I tend to like Epson printers, though some of the higher-end Canon printers are also highly regarded.
The newer Epson pigmented inks tend to clog less. However, if you find your inks do clog regularly, you can try one or both of the following:
- I used to keep a guitar humidifier tucked inside the printer. You have to add water to the small humidifier about once a week, possibly twice when central heating is on. I tucked it inside and out of the way, and though I could print with it in place, I recommend removing it while printing. You could also make your own by using a travel container for soap, punch holes in the top, and put a damp sponge inside.

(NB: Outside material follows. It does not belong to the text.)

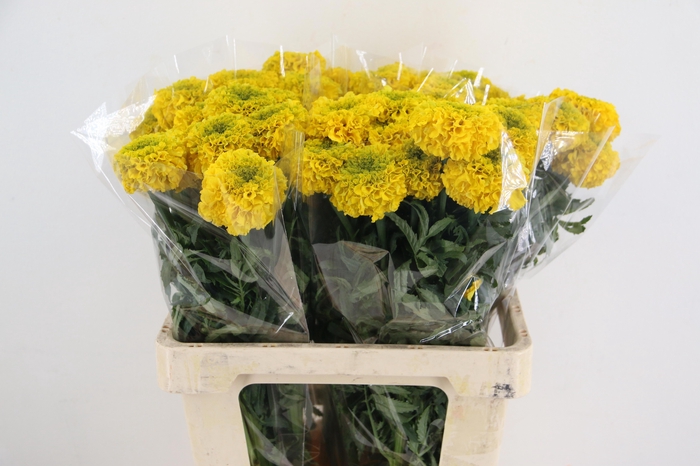 <h4>TAGE E  CO YELLOW</h4>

- I wrote a small program that printed a page with a stripe of each color once each day. I believe these printers are designed for frequent use, and printing this page daily helped keep ink jets clear and working. When I did this, I only rarely had to run a cleaning cycle. You do waste some paper this way, but I re-used the paper, printing on both sides, and then used it as scrap paper. And then I recycled it.
I have a newer (used) Epson now, and it hardly ever clogs, and I don’t do anything to it.
Another major consideration is the size of paper the printer will take. Clearly this increases the price of the printer, but if you need to print larger prints, a printer that only handles 8.5 x 11(14) isn’t going to get the job done. Some people like printers that can use roll paper - that is how I got my new/used Epson (the owner needed to use roll paper, and this model doesn’t accept rolls). I print on sheets, so it doesn’t matter for me. Paper choice is a consideration for how the inks perform. I stick with Epson inks and paper. The paper isn’t cheap, so I always do a test print, at a lower res, on cheap paper first.
If you want archival, pigmented inks are the way to go.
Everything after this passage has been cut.